___ MATERIAL SHOWN
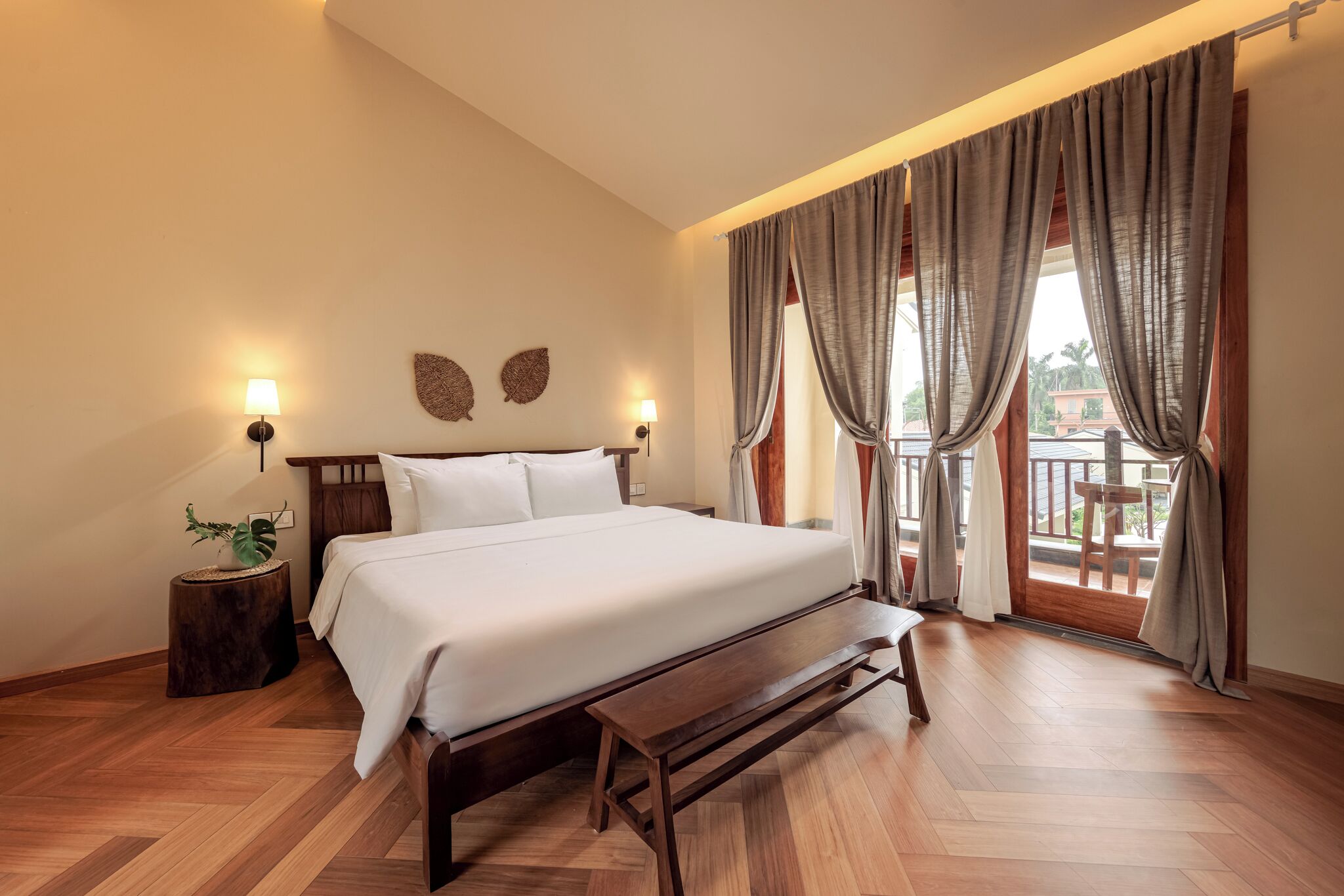 Minibar, bureau, espace de travail pour ordinateur portable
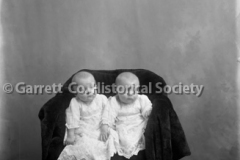 1629-Portrait-Twins-486A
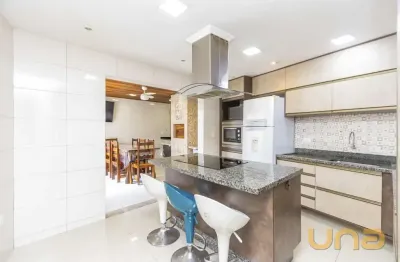 Casa com 3 quartos à venda na Rua Sebastião Lustosa de Freitas, 362, Jardim Lorenza, Almirante Tamandaré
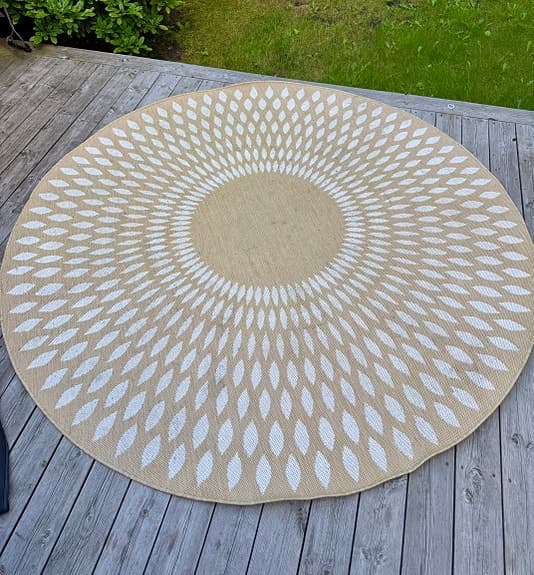 2st utomhusmattor beige/gul och vit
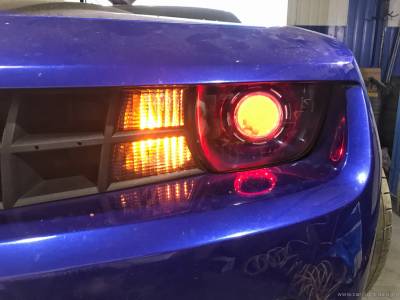 Свет дьявольских глазок (Devil eyes) в фарах Chevrolet Camaro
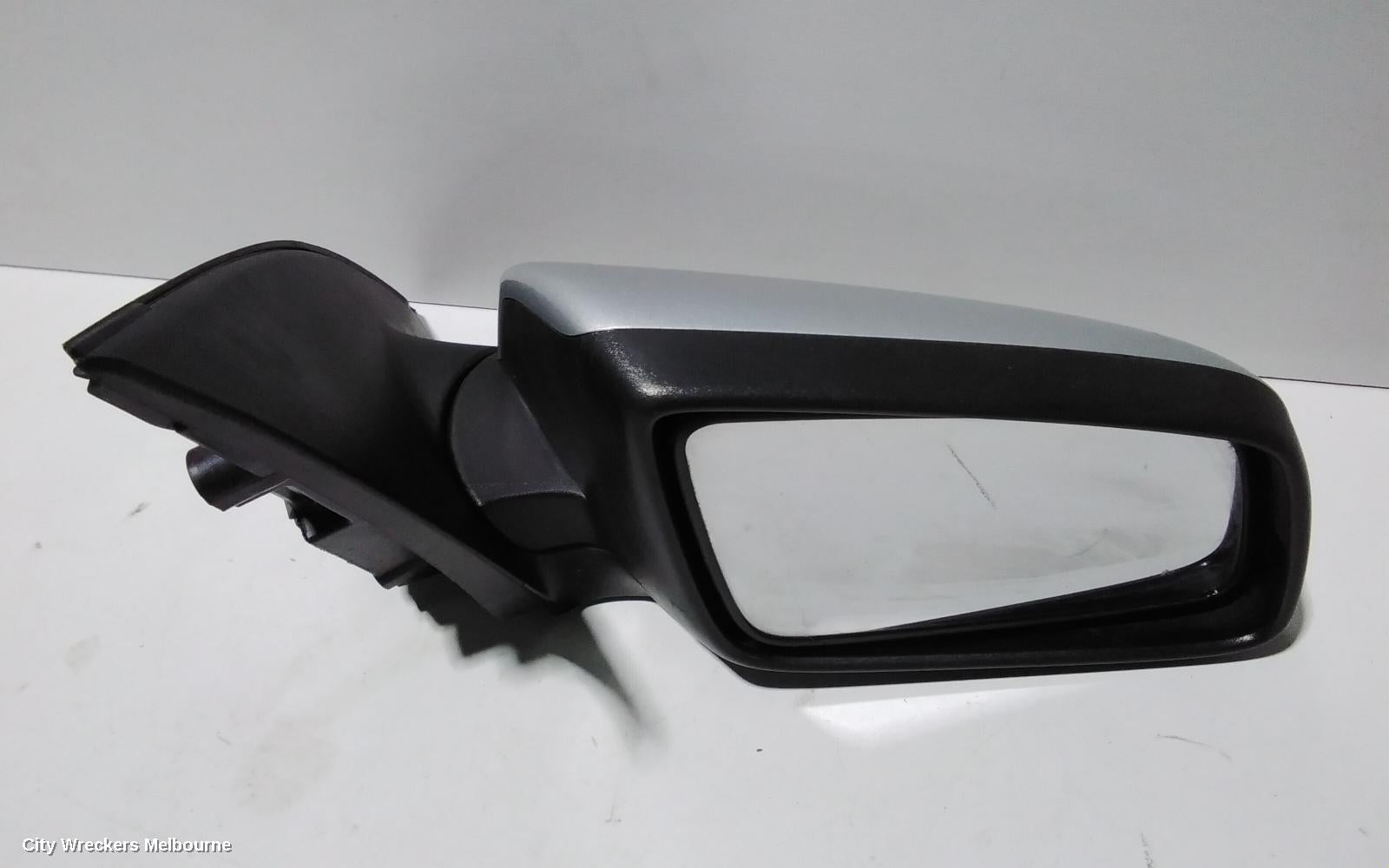 HOLDEN COMMODORE RIGHT DOOR MIRROR, VE, NON HEATED & NON PUDDLE LAMP TYPE, 08/2006 - 04/2013 - Image 2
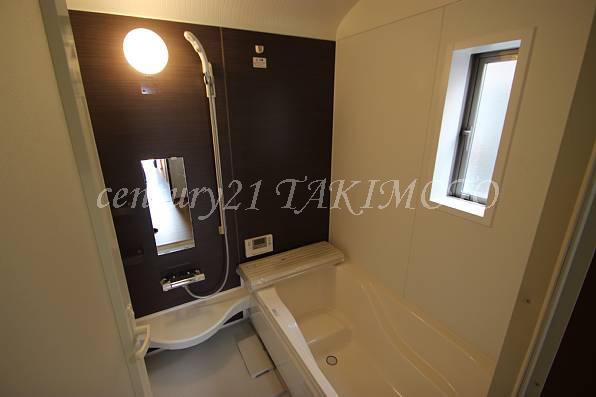 Bathroom. The spacious bathroom 1 pyeong type!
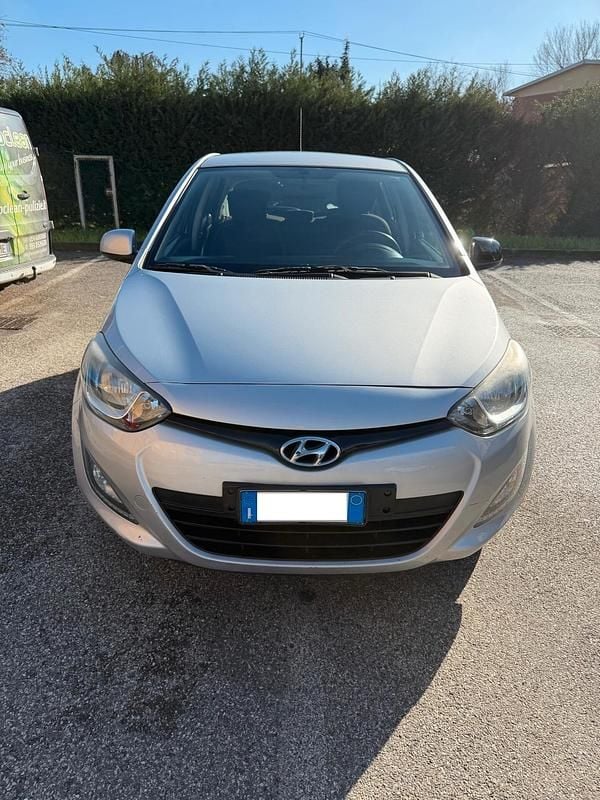 Argento Usata 2014 Hyundai i20 Utilitaria | 4200 € (Ottimo prezzo) - Immagine 1/4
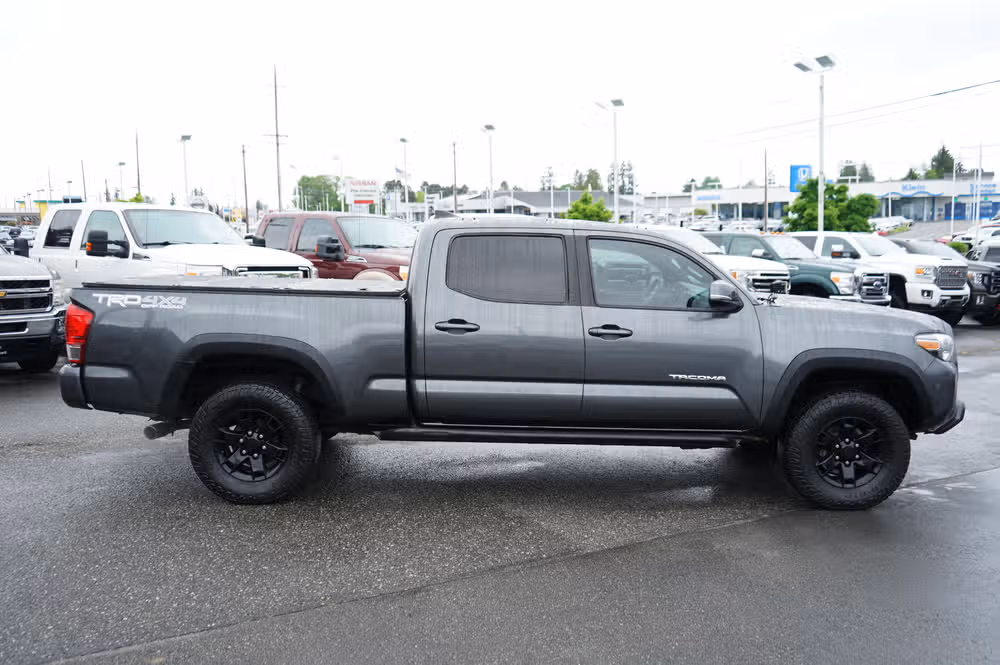 2017 Toyota Tacoma TRD Off-Road Double Cab Image 6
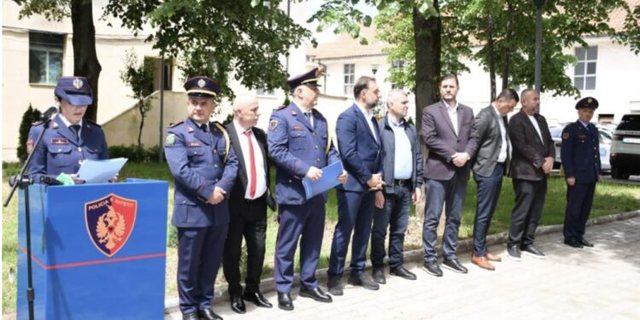 Scandal/ Eduart Shalsi campaigns inside the Kukës police station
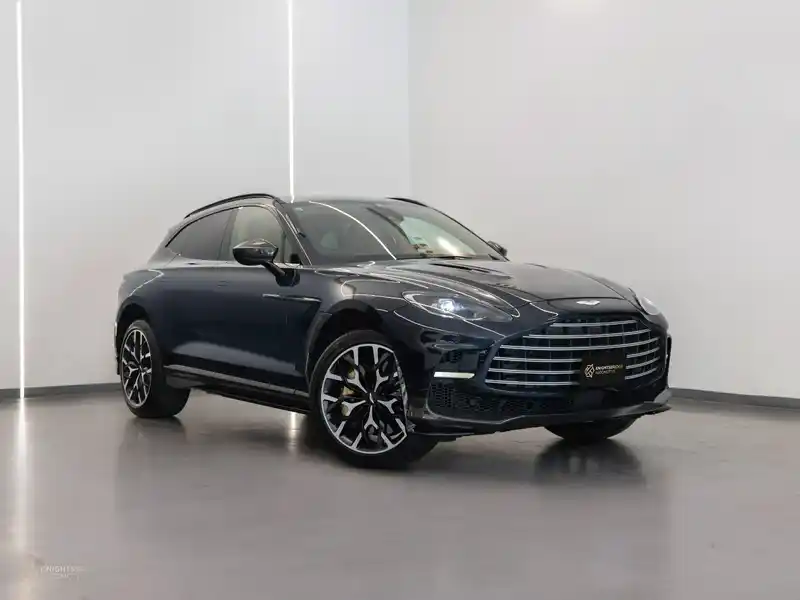 Aston Martin DBX 2023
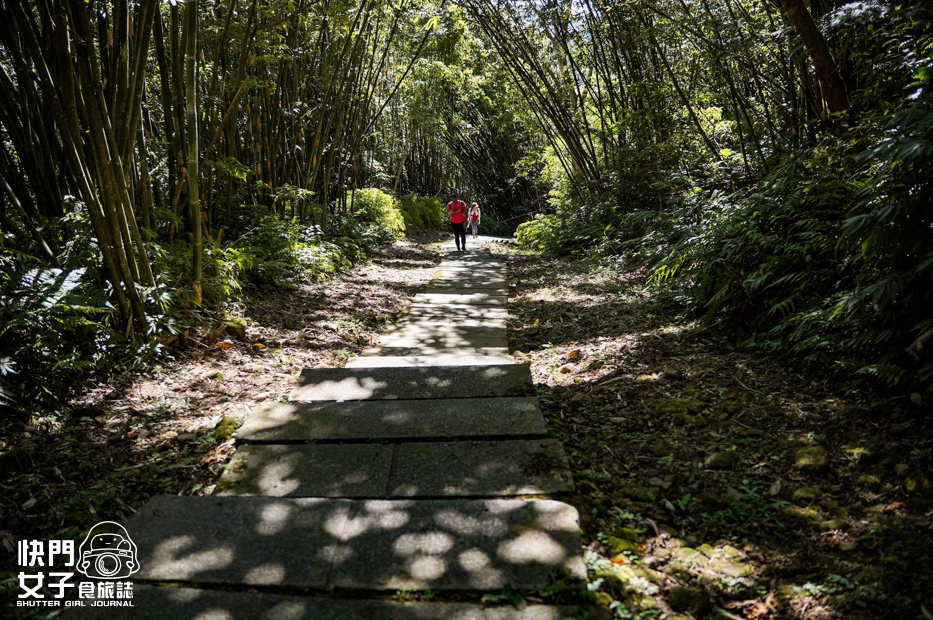 12平溪十分小百岳淡蘭古道五分山步道氣象台芒草季老街美食.jpg 12平溪十分小百岳淡蘭古道五分山步道氣象台芒草季老街美食.jpg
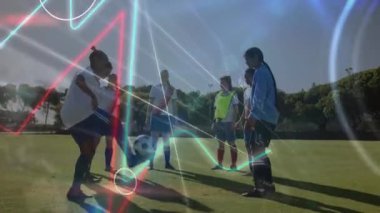 Maç oynayan kadın ve erkek futbolcuların veri işleme animasyonları. Spor, rekabet, dayanıklılık ve teknoloji konsepti dijital olarak oluşturulmuş video,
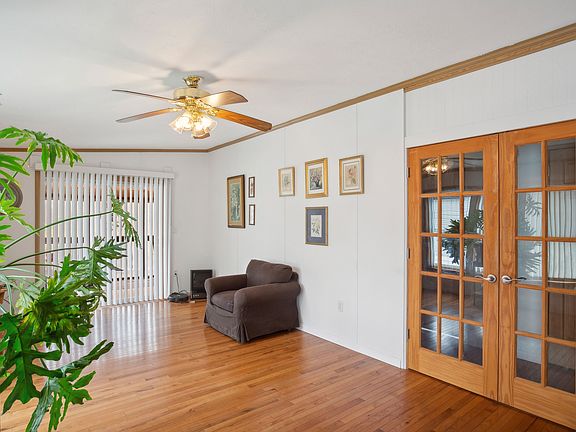 4th image of 144 Farwood St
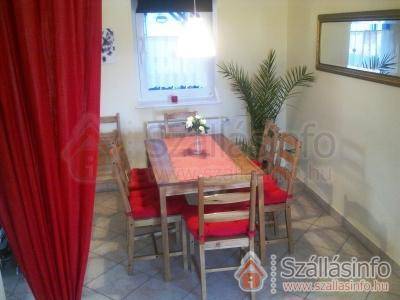 Napraforgó Apartmanház (Budapest und die Umgebung > Pest megye > Zebegény)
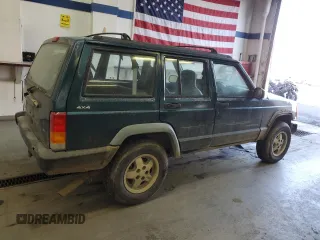 1997 Jeep Cherokee SE with VIN 1J4FJ28S1VL582070, listed as a Copart auction lot 43194435 with 192,534 mi miles and Salvage Title. Bid and sale history available at carsss.com. Image 3.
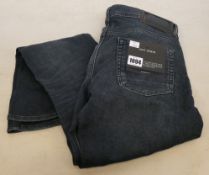 A pair of men's as new Hugo Boss Tapered fit super stretch denim jeans (W33 L34).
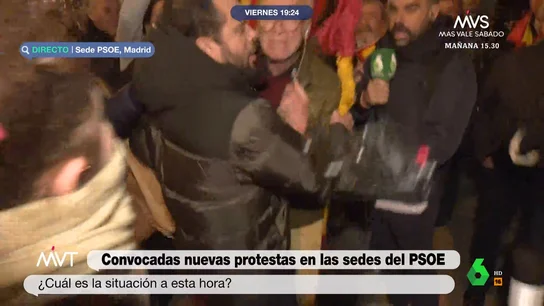 Agreden a un cámara de laSexta en Ferraz Agreden a un cámara de laSexta en Ferraz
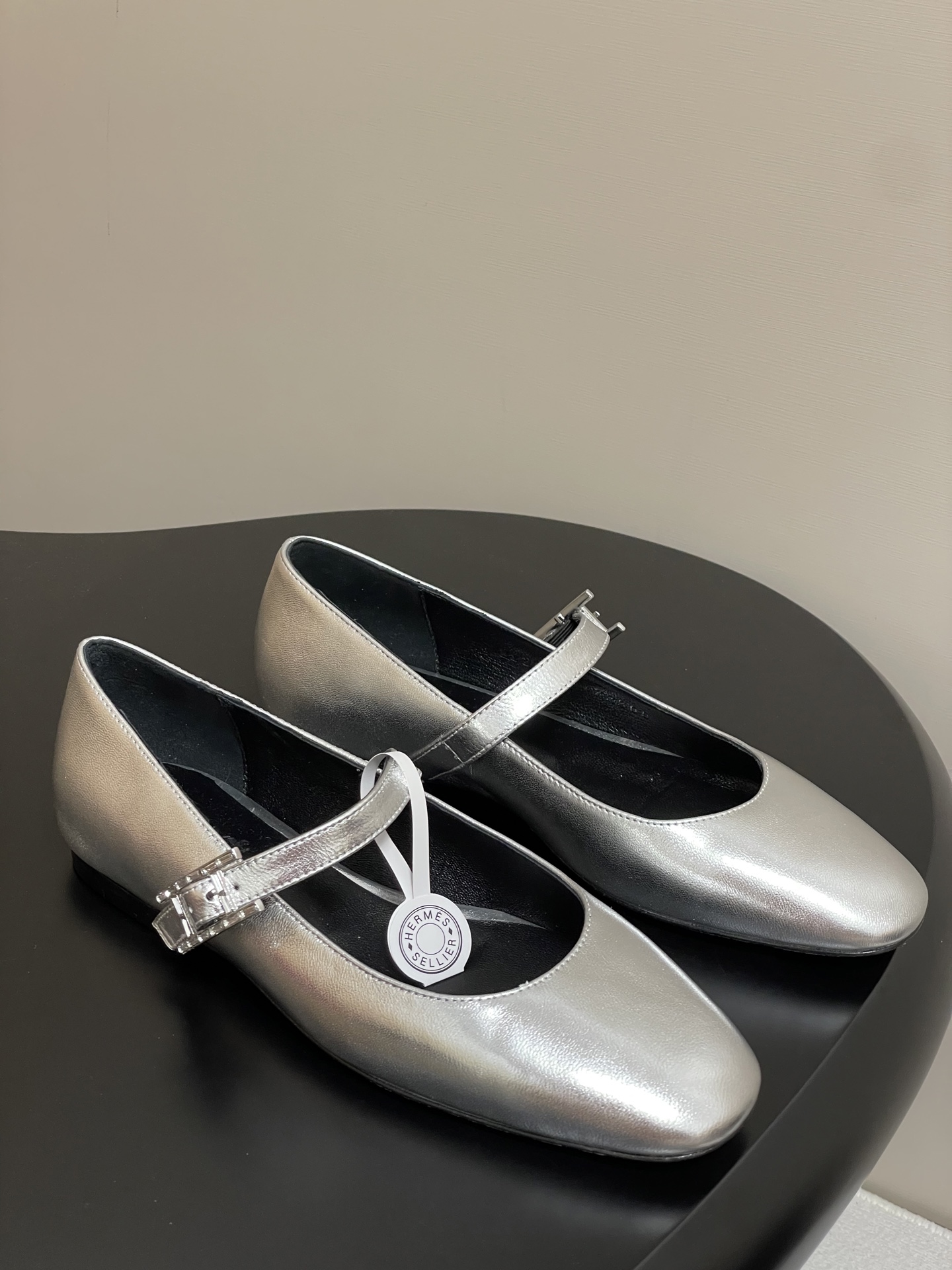 HERMES 00689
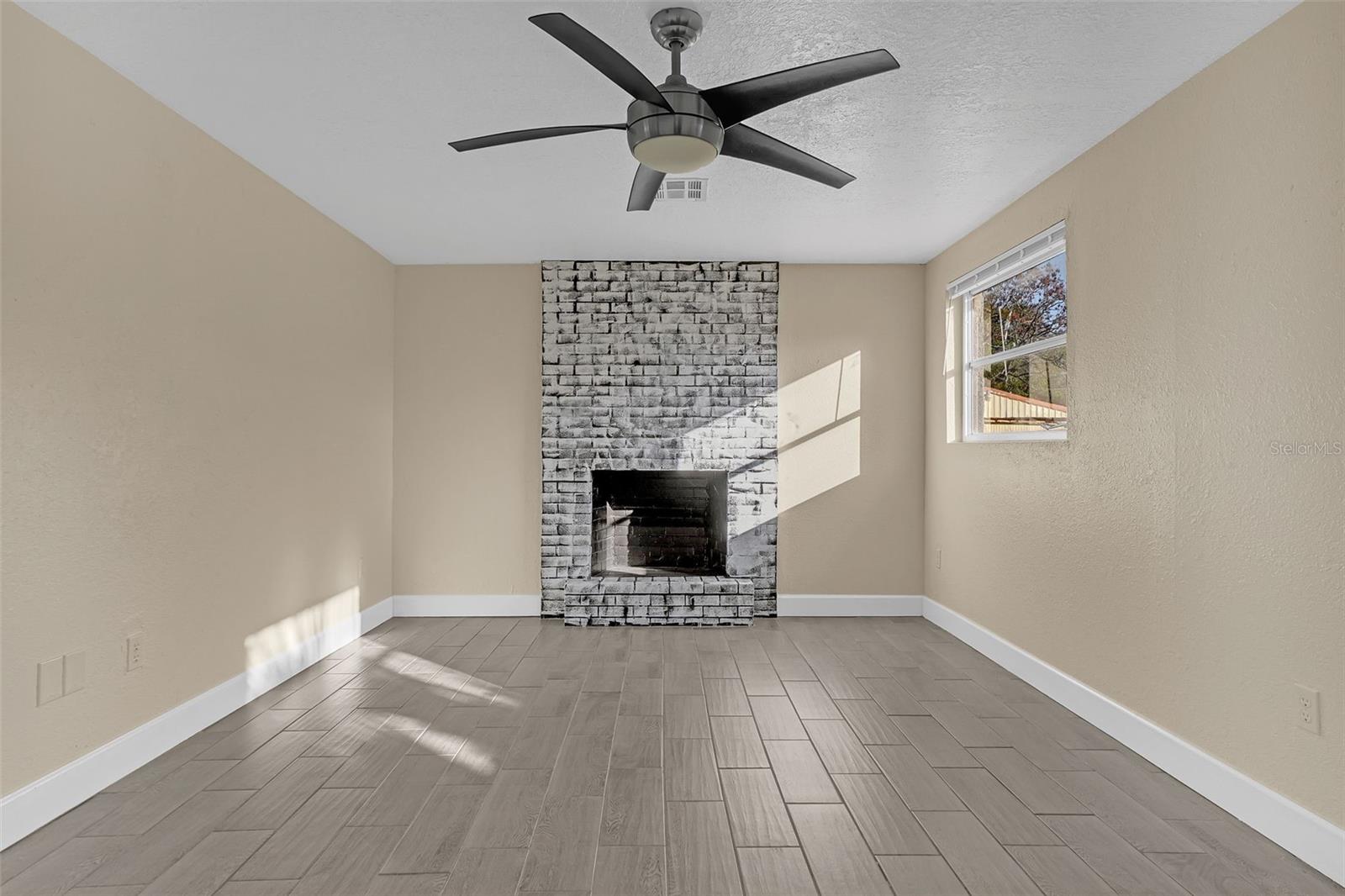 LONGWOOD PARK - Residential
______
Among the lines above, the one with "HOLDEN COMMODORE RIGHT" opens the part to repeat and the one with "A pair of men's" closes it; repeat only that part exactly, with no pictures.

 HOLDEN COMMODORE RIGHT DOOR MIRROR, VE, NON HEATED & NON PUDDLE LAMP TYPE, 08/2006 - 04/2013 - Image 2
 Bathroom. The spacious bathroom 1 pyeong type!
 Argento Usata 2014 Hyundai i20 Utilitaria | 4200 € (Ottimo prezzo) - Immagine 1/4
 2017 Toyota Tacoma TRD Off-Road Double Cab Image 6
 Scandal/ Eduart Shalsi campaigns inside the Kukës police station
 Aston Martin DBX 2023
 12平溪十分小百岳淡蘭古道五分山步道氣象台芒草季老街美食.jpg 12平溪十分小百岳淡蘭古道五分山步道氣象台芒草季老街美食.jpg
 Maç oynayan kadın ve erkek futbolcuların veri işleme animasyonları. Spor, rekabet, dayanıklılık ve teknoloji konsepti dijital olarak oluşturulmuş video,
 4th image of 144 Farwood St
 Napraforgó Apartmanház (Budapest und die Umgebung > Pest megye > Zebegény)
 1997 Jeep Cherokee SE with VIN 1J4FJ28S1VL582070, listed as a Copart auction lot 43194435 with 192,534 mi miles and Salvage Title. Bid and sale history available at carsss.com. Image 3.
 A pair of men's as new Hugo Boss Tapered fit super stretch denim jeans (W33 L34).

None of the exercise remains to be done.